Task instructions » Beginning with the first line, copy out each line of the material until the line containing "[서울=뉴시스]김명원 기자 = 인천해양경찰이" has been copied as well.
(Data supplied Opens)
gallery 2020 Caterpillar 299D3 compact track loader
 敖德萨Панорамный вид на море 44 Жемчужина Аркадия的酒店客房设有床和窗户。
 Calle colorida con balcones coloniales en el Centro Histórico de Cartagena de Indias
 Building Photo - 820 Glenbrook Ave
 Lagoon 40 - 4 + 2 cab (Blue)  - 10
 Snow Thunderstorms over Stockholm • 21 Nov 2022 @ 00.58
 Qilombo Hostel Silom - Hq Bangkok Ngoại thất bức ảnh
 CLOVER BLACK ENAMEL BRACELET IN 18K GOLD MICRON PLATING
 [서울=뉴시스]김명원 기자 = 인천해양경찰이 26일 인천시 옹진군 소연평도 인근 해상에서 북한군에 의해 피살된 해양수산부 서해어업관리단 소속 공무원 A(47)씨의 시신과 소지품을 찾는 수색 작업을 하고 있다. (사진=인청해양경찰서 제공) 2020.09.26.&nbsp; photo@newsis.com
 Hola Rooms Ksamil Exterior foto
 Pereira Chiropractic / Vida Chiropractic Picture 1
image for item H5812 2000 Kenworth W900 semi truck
(Data supplied Closes)
Output of the task »
gallery 2020 Caterpillar 299D3 compact track loader
 敖德萨Панорамный вид на море 44 Жемчужина Аркадия的酒店客房设有床和窗户。
 Calle colorida con balcones coloniales en el Centro Histórico de Cartagena de Indias
 Building Photo - 820 Glenbrook Ave
 Lagoon 40 - 4 + 2 cab (Blue)  - 10
 Snow Thunderstorms over Stockholm • 21 Nov 2022 @ 00.58
 Qilombo Hostel Silom - Hq Bangkok Ngoại thất bức ảnh
 CLOVER BLACK ENAMEL BRACELET IN 18K GOLD MICRON PLATING
 [서울=뉴시스]김명원 기자 = 인천해양경찰이 26일 인천시 옹진군 소연평도 인근 해상에서 북한군에 의해 피살된 해양수산부 서해어업관리단 소속 공무원 A(47)씨의 시신과 소지품을 찾는 수색 작업을 하고 있다. (사진=인청해양경찰서 제공) 2020.09.26.&nbsp; photo@newsis.com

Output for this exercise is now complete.